▸ Try it
What is needed is an exact repeat of the lines from the one holding "Modern Meme Maker - APK Download for Android" through the final line of the data, with no pictures.

▸ Entries shown
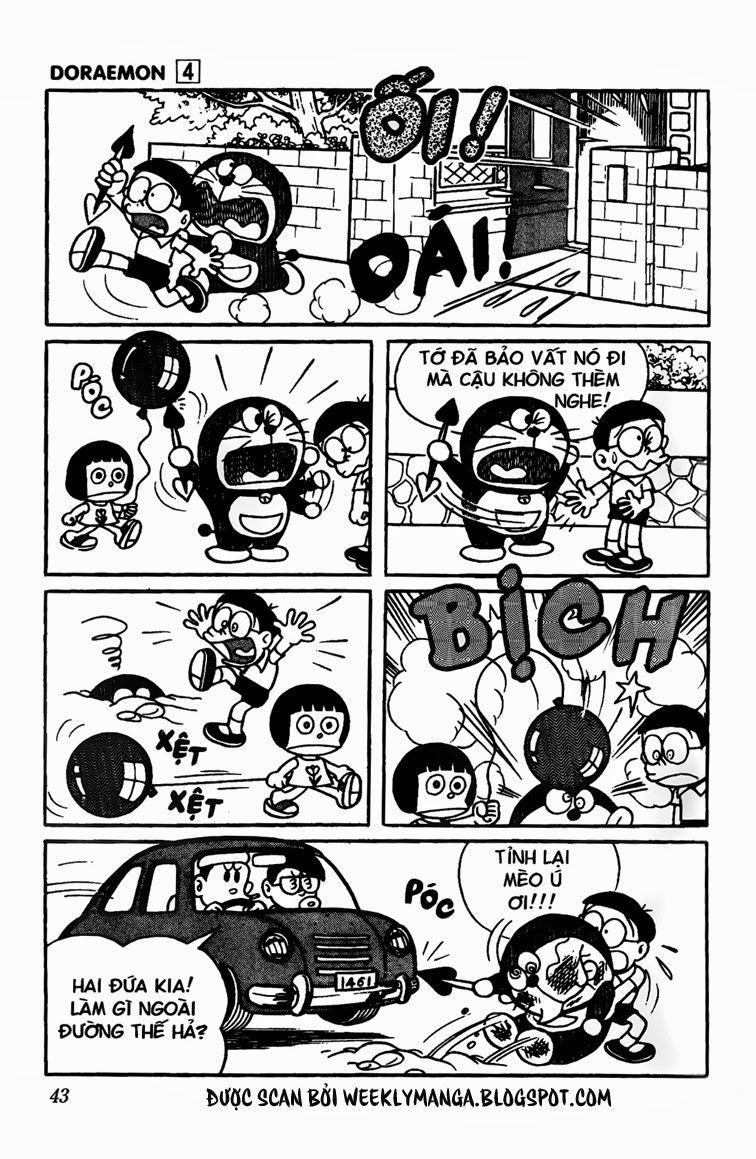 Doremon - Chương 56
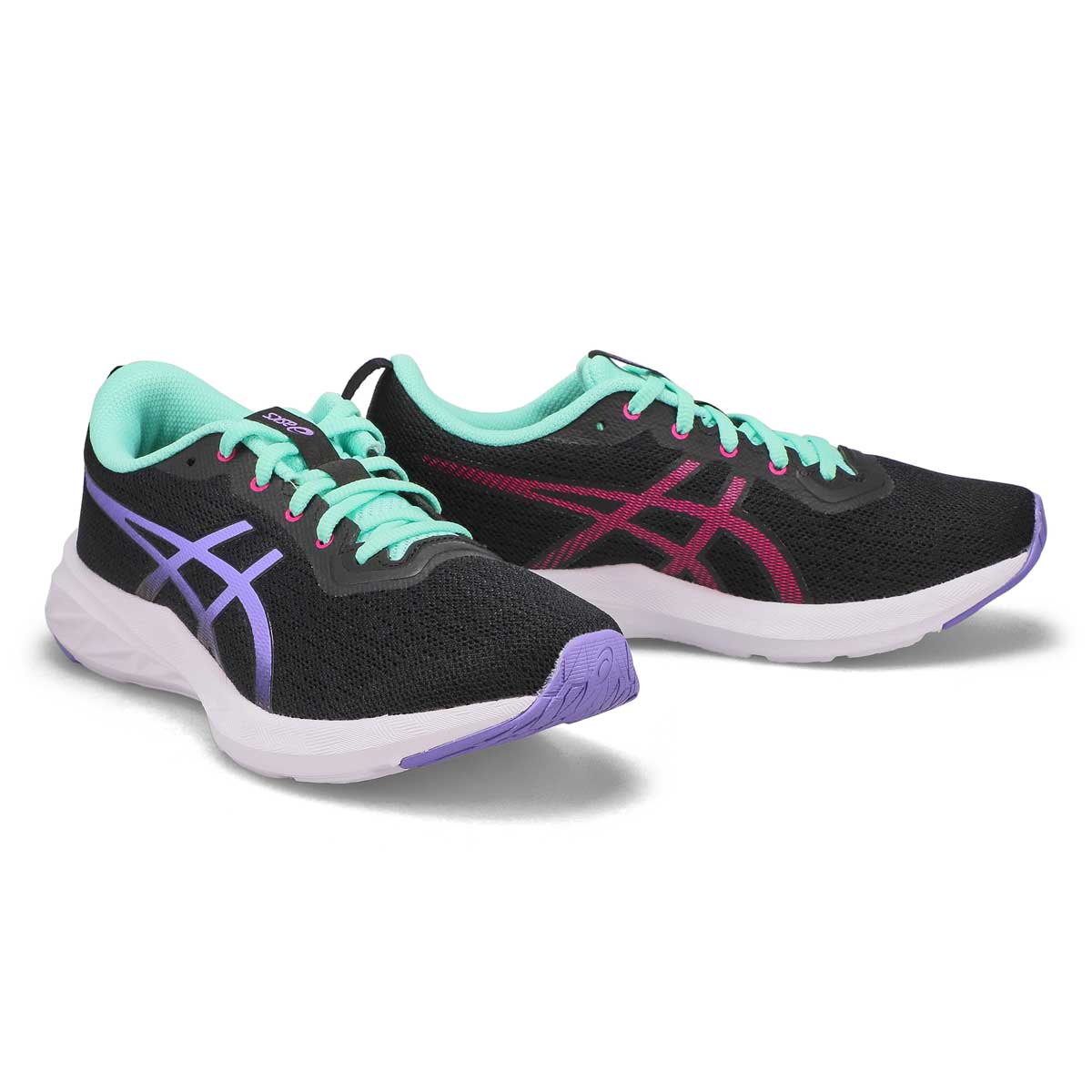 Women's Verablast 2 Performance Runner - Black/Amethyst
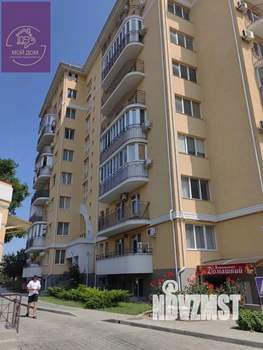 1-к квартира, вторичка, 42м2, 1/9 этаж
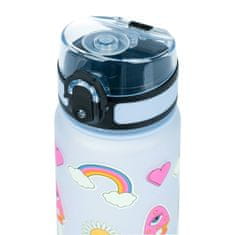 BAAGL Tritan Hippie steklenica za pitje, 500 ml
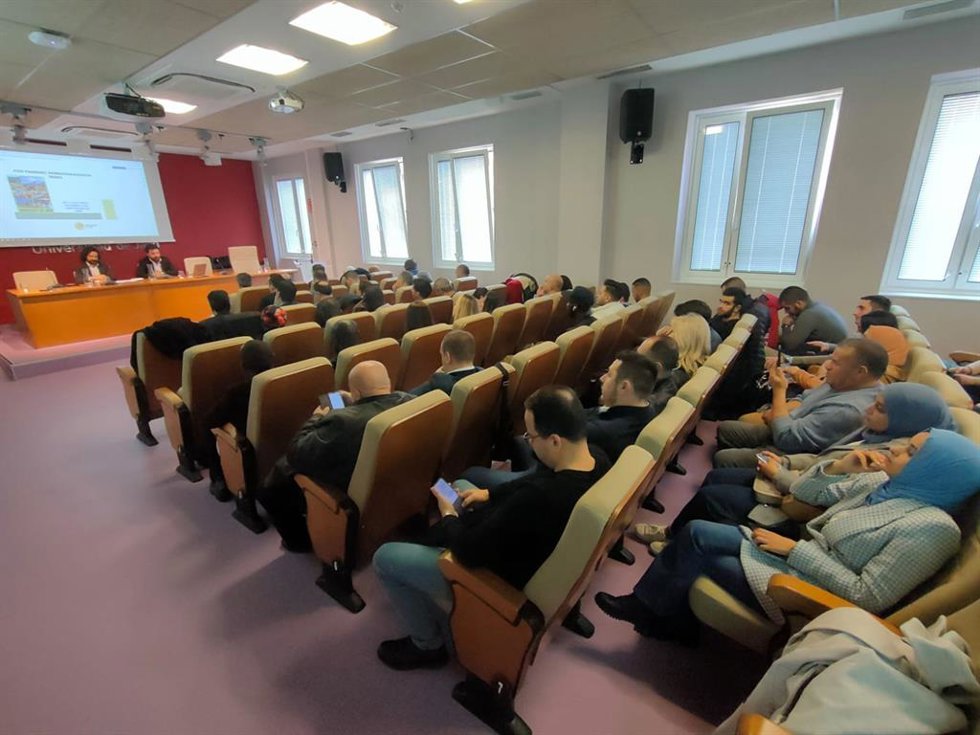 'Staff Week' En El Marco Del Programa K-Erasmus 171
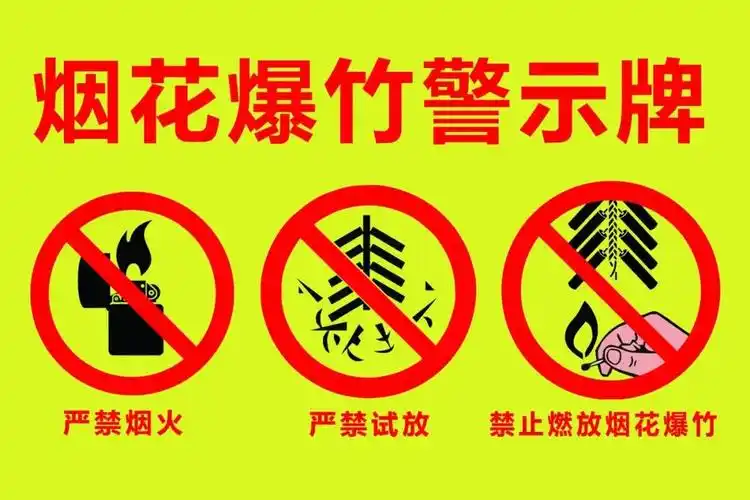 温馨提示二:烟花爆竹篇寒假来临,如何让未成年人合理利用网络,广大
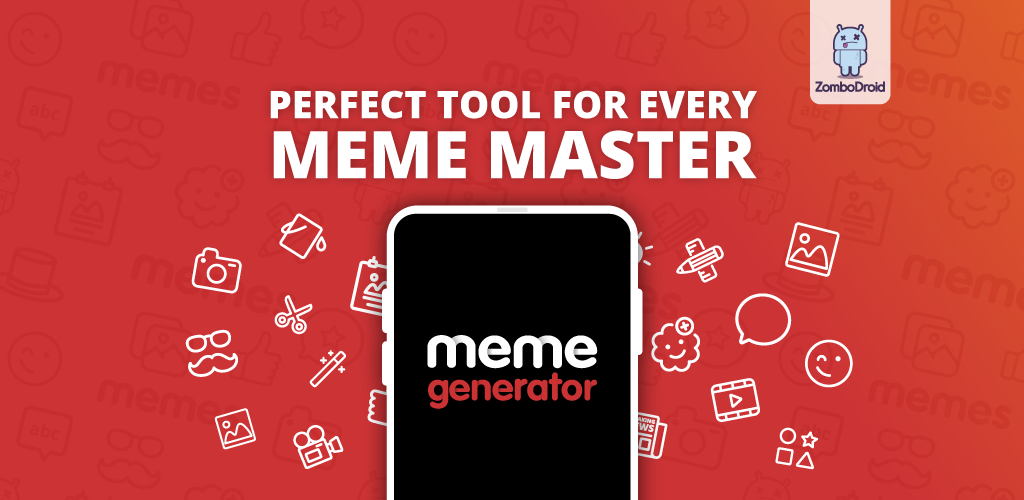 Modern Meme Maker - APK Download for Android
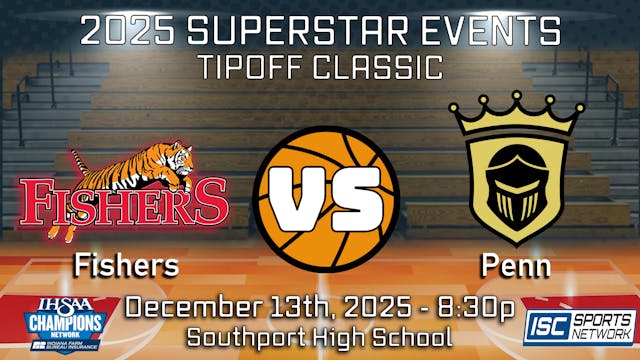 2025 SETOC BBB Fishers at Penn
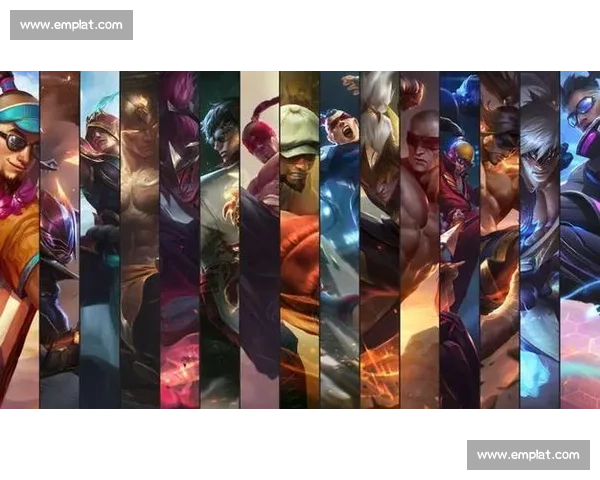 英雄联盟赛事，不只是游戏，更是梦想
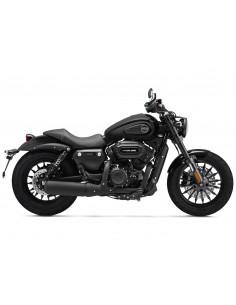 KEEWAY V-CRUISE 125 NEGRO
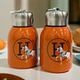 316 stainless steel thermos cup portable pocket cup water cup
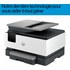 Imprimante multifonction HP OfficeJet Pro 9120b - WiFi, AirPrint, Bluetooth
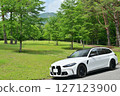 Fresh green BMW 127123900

▸ Exercise answer
 Modern Meme Maker - APK Download for Android
 2025 SETOC BBB Fishers at Penn
 英雄联盟赛事，不只是游戏，更是梦想
 KEEWAY V-CRUISE 125 NEGRO
 316 stainless steel thermos cup portable pocket cup water cup
 Imprimante multifonction HP OfficeJet Pro 9120b - WiFi, AirPrint, Bluetooth
 Fresh green BMW 127123900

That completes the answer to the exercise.